Gutman studied in New York and in 1925/26 in Halle and received his doctorate in 1928 at the University of Vienna . He was Professor of Medicine at Columbia University and Director of the Columbia Research Service at Goldwater Medical Hospital before becoming Chief Physician (Chairman of the Department of Medicine) at Mount Sinai Hospital in New York City in 1952 . In the early 1950s, he founded one of the first gout clinics in the USA there. At first he examined thyroxine in the thyroid gland, overactive thyroid gland, parathyroid glands , bone diseases and metabolic products in various cancers.
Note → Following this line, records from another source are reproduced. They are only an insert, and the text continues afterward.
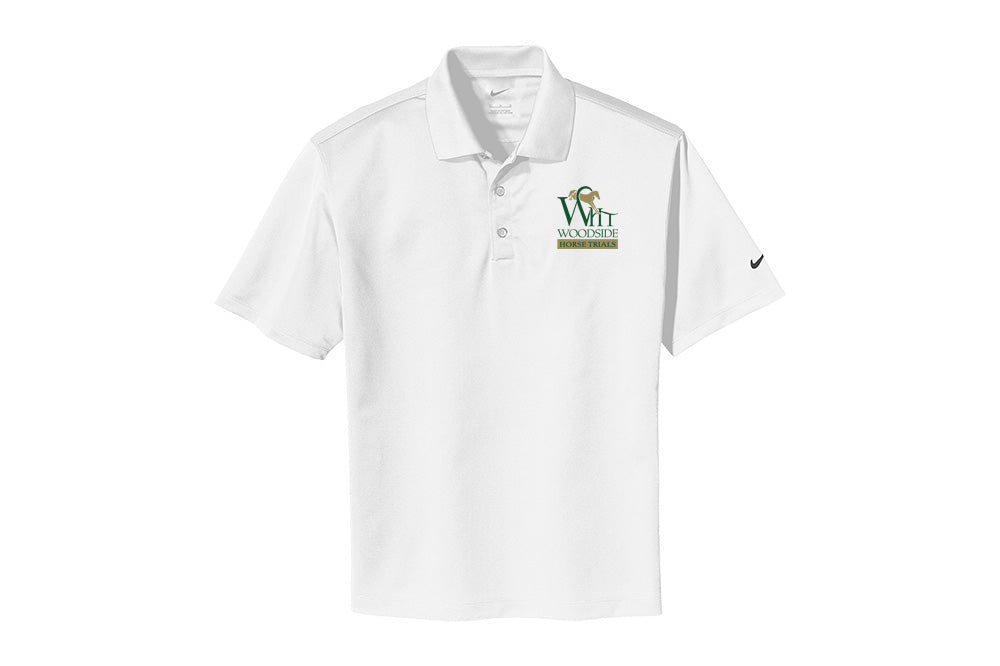 Woodside Men's Nike Tech Basic Dri-FIT Polo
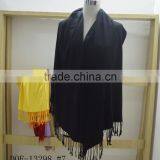 2015 Fashion Lady Classic Hot Popular Plain Soft Bamboo Fiber Viscose Shawl Scarf thumbnail-6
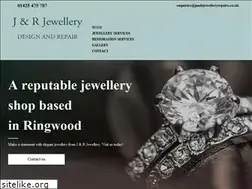 Sites similar to jandrjewelleryrepairs.co.uk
In 1947 he was awarded the Amory Prize of the American Academy of Arts and Sciences for his work on prostate-specific acid phosphatase . In 1961 he received the Canada Gairdner International Award for his contributions to rheumatology and biochemistry, in particular to metabolic defects in gout and the demonstration of the therapeutic effects of drugs that increase the excretion of uric acid ( probenecid as a uricosuric ). His research, which established a connection between gout and increased uric acid levels, he carried out in part with Tsai-Fan Yu . With her he also conducted a five-year clinical study on the therapeutic effects of colchicine in gout (published in 1961 in the Annals of Internal Medicine ). The therapeutics probenecid and allopurinol were also tested by Gutman and Yu in clinical studies.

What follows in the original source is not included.